The president and administration aides stressed the limitations of the mission. It was an international effort to address a humanitarian crisis spurred by Qaddafi’s actions, not an aggressive intervention. Aides are also working in other ways to expand the context in which its actions would be judged. When National Security Adviser Tom Donilon briefed the press on Sunday, he didn’t start his discussion of the Middle East with Libya. He started by talking about the constitutional referendum in Egypt, the message being that the administration has its eye on a broader picture.

The administration is signaling that an initial phase of heavy U.S. military operations will last only a matter of days. After that, U.S. planes will join other nations to maintain the no-fly zone but command will transfer to other coalition partners. If Qaddafi isn’t deposed or forced to flee, then he could become a chronic condition. The tug of war will continue over whether Obama could have caused a different result by acting sooner, but the audience for that debate will be small. Qaddafi is not an imminent threat likely to capture people’s attention.

In the spring of 1999, John McCain improved his presidential chances by arguing for intervention in Kosovo. Today’s crop of GOP candidates are seeking to do the same, but none of them has the strong foreign policy credentials that make them obvious leaders.

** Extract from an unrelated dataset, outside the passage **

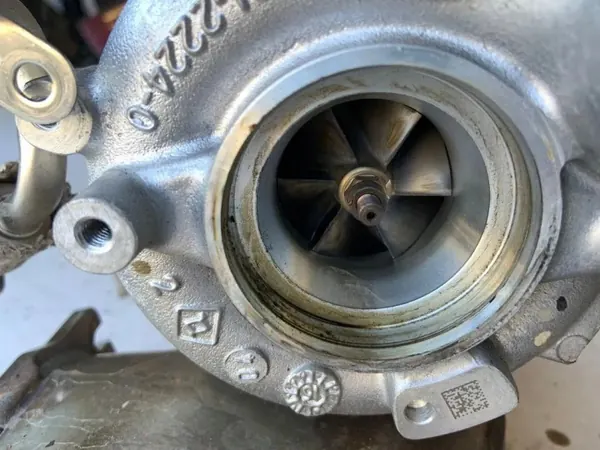 Turbo OEM 079145703P para Audi A7 Sportback 4.0L image 3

The most interesting GOP response to the Libya challenge so far has been from Mississippi Gov. Haley Barbour. He declined to attack the president. “Whenever our men and women are involved in military action, every American stands with them and supports them as I do,” he said. “This is not the time to critique what the administration has done or will do.”

Barbour’s defense and foreign policy positions have been distinctly less neoconservative than many of his opponents. Barbour has called for defense cuts and questioned the ongoing mission in Afghanistan. Barbour may be pitching to deficit-conscious and isolationist Tea Party members, but it’s also a message that could work in a general election where he will try to make the case that he’s non-ideological and pragmatic. If he’s able to do that, it’ll be a neat trick. It’s also Obama’s strategy.